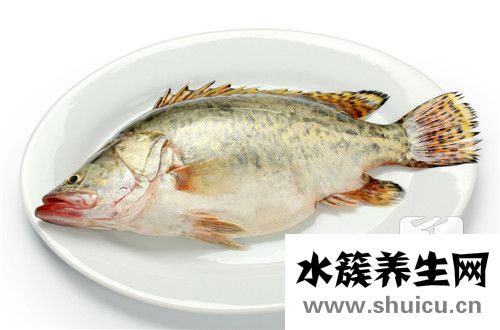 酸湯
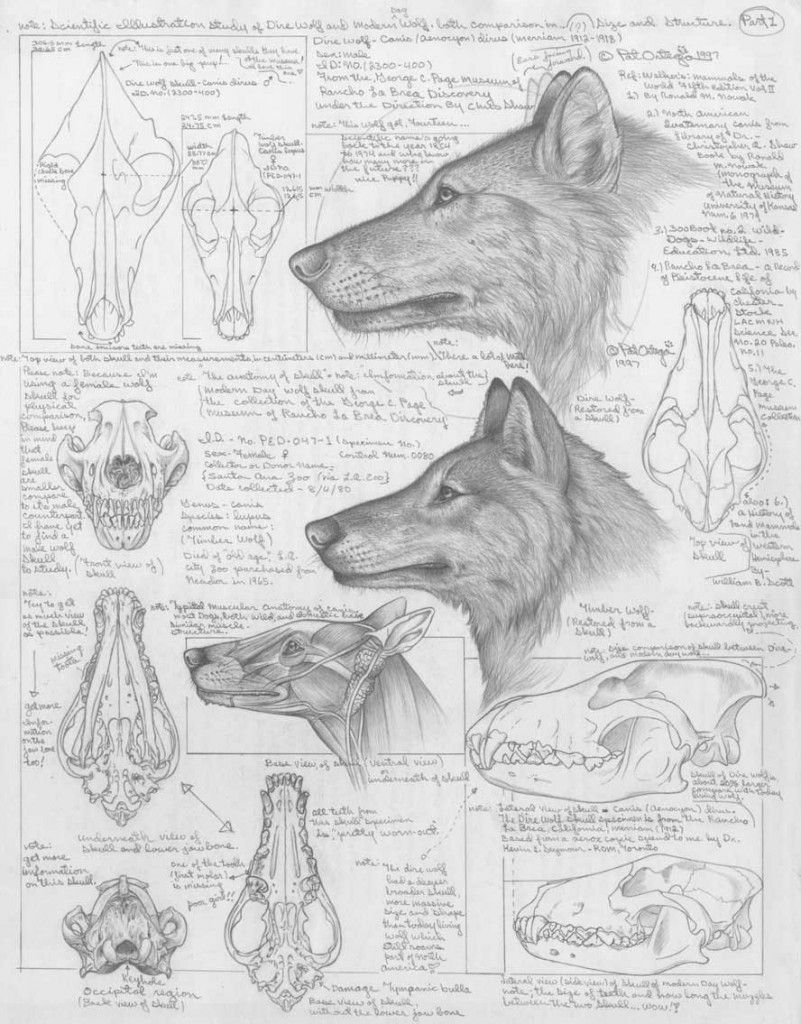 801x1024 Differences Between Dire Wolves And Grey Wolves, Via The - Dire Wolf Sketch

==

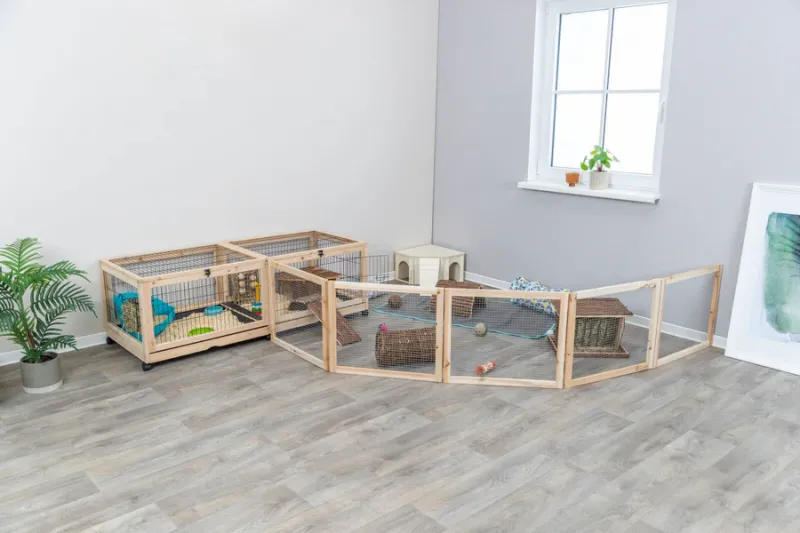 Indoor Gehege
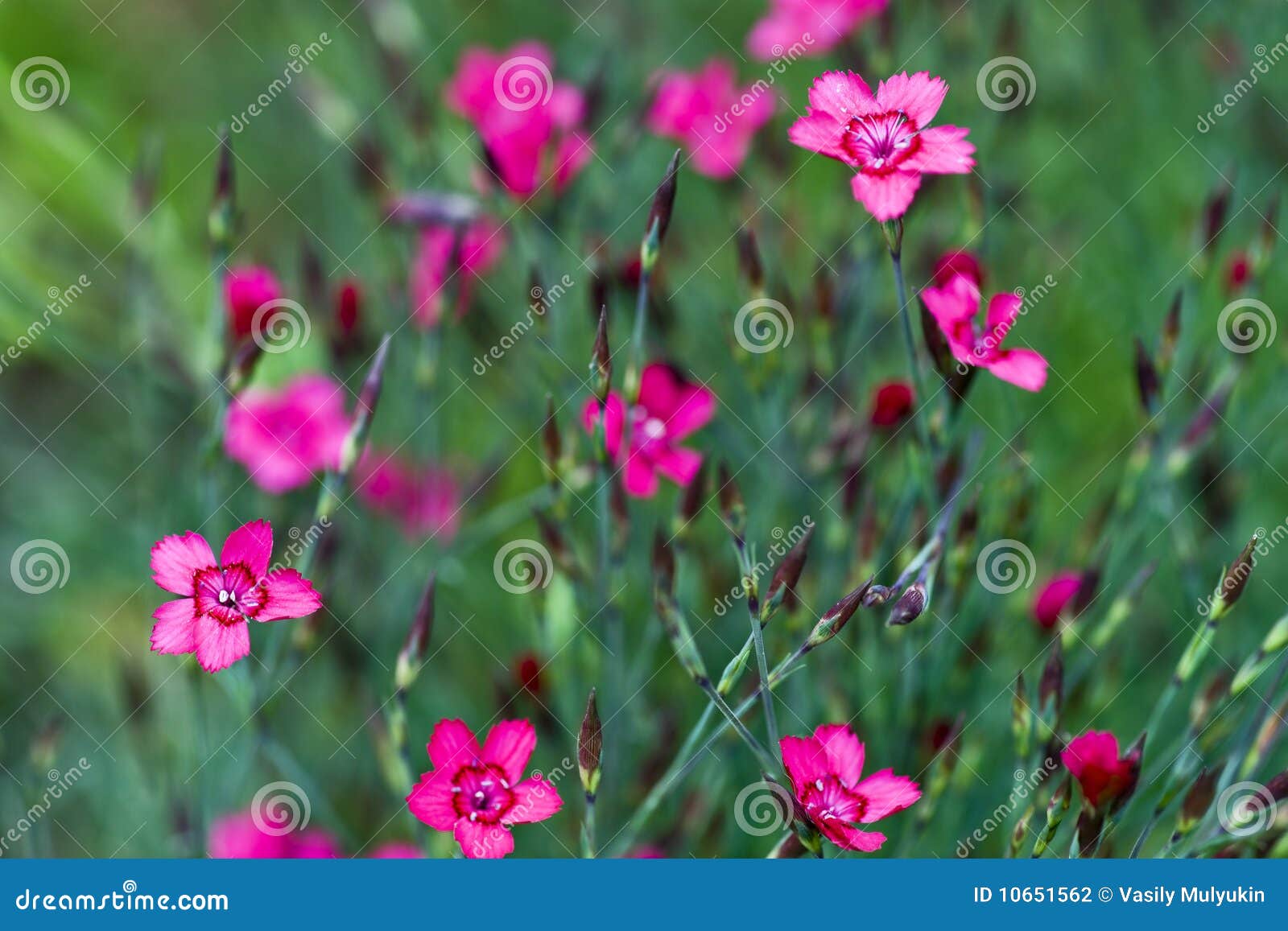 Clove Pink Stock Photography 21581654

[ABOUT THIS TASK]: Begin at the line in the entries above that has "Indoor Gehege", stop after the line that has "Clove Pink Stock Photography 21581654", and output exactly those lines without pictures.

[ANSWER BOX]:
 Indoor Gehege
 Clove Pink Stock Photography 21581654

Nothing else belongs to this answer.